Projects
Name | Issues | Domain | LOC | Test (LOC) |
Stars | Forks | Commits | Years Active |
---|---|---|---|---|---|---|---|---|
psf/black | 38 | code formatter | 303 466 | 12 709 | 33 389 | 2 161 | 1 627 | 5 |
cookiecutter/cookiecutter | 2 | project generator from templates | 5 631 | 4 055 | 20 162 | 1 892 | 3 011 | 10 |
Rapptz/discord.py | 2 | Discord bot | 37 960 | 1 464 | 13 368 | 3 773 | 4 906 | 8 |
freqtrade/freqtrade | 15 | cryptocurrency trading | 73 015 | 41 765 | 22 755 | 5 213 | 22 035 | 6 |
numpy/numpy | 1 | numerical computing | 170 179 | 91 891 | 24 344 | 8 459 | 33 396 | 13 |
pandas-dev/pandas | 43 | data analysis | 394 739 | 268 554 | 39 550 | 16 639 | 33 195 | 13 |
python-poetry/poetry | 11 | package manager and builder | 39 411 | 24 504 | 26 358 | 2 050 | 2 938 | 5 |
saltstack/salt | 7 | configuration management/automation | 747 255 | 307 831 | 13 472 | 5 471 | 118 331 | 12 |
scrapy/scrapy | 2 | web scraping | 45 052 | 29 105 | 48 267 | 10 127 | 10 032 | 13 |
explosion/spaCy | 11 | Natural language processing | 89 644 | 30 771 | 26 954 | 4 232 | 15 984 | 9 |
google/jax | 17 | program transformation | 179 079 | 90 476 | 28 316 | 2592 | 20 893 | 6 |
Average | 13 | 189 584 | 82 102 | 26 994 | 5 691 | 24 213 | 10 |
Using PyBugHive
Using PyBugHive is straightforward as all commands (besides the clean command) follow the same pattern: python pybughive.py {command} {project}-{issue}, where {project} is the name of the selected project’s repository and {issue} is the number of the selected issue. The possible commands are the following:
- checkout: Clones the selected repository and checks out the appropriate commit hash. This should be the first command when using this tool.
- install: Searches for the appropriate install steps and runs them. This should be the second command.
- test: Runs the appropriate test steps. When used with the --all flag, instead of testing just the file(s) included in the issue, it runs all tests.
- fix: Installs the fix for the selected bug.
- clean: This command does not need a project or an issue number. It deletes all temporary files generated during the run. When used with the --all flag, it deletes everything the tool downloaded, including the repositories.
For example, if a user would like to validate 1493 from the project black, they should do the following sequence:
- python pybughive.py checkout black-1493
- python pybughive.py install black-1493
- python pybughive.py test black-1493
- python pybughive.py fix black-1493
- python pybughive.py test black-1493
Here, step 1) checks out the appropriate commit from the selected repository, step 2) installs the project and step 3) runs the tests. Here, the tests related to the bug should fail. Step 4) applies the bugfix and step 5) runs the tests again, which should pass this time.

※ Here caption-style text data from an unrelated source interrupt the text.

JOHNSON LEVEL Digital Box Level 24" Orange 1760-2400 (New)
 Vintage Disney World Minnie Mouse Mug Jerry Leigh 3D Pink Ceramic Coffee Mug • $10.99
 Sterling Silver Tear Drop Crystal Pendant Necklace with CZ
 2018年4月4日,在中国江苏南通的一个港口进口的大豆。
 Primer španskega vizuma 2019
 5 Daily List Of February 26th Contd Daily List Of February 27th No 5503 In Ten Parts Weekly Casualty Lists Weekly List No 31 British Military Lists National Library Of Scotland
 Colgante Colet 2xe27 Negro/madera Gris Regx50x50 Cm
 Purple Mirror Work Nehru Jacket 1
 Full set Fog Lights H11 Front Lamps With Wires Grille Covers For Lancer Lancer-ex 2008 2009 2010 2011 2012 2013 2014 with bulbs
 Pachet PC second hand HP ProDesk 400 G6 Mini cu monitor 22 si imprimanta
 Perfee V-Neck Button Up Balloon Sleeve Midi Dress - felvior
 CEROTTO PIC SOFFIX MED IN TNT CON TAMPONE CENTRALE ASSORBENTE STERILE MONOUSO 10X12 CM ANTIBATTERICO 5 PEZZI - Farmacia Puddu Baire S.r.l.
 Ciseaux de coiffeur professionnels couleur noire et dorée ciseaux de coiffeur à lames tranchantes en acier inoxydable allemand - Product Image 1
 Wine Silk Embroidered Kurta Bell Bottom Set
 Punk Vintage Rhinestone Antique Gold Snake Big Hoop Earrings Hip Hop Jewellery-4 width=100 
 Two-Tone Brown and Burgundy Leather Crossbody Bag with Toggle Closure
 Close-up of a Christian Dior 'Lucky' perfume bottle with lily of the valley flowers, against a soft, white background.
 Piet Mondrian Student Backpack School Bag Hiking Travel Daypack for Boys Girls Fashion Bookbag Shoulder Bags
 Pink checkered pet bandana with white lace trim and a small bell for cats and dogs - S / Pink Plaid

Before PyBugHive can be used, it needs to be configured by setting the INSTALL_DIRECTORY, which specifies where to download the repositories, and the MONGO_URL, which specifies the connection string to MongoDB. There are three ways the user can provide these:
- Add them to the system’s environment variables.
- Create a .env file in the PyBugHive project root and add the above variables to it.
- Same as 2), but with a config.py file. We offer a Docker image with everything pre-installed, which further helps with an isolated run of PyBugHive. Moreover, we provide an installer script (setup.sh) that installs all required Python versions and other dependencies needed to successfully run any bug presented in our database. However, for better isolation, we recommend using the Docker environment.
Offline version
A major concern for bug databases is to continuously ensure the reproducibility of bugs, for example, due to continuously changing dependencies and improperly locked dependency versions. This is the main reason why we created an offline version of PyBugHive. This version of the dataset does not need a database connection or even an internet connection so the database can be used in a completely offline environment as well. For each bug, we downloaded the specific project both before and after the fix, created the corresponding environment, and compressed everything into a zip file. This way, the users do not have to install the particular project manually; the provided virtual environment is already prepared, and the tests can be run. The drawback of this version is its large size.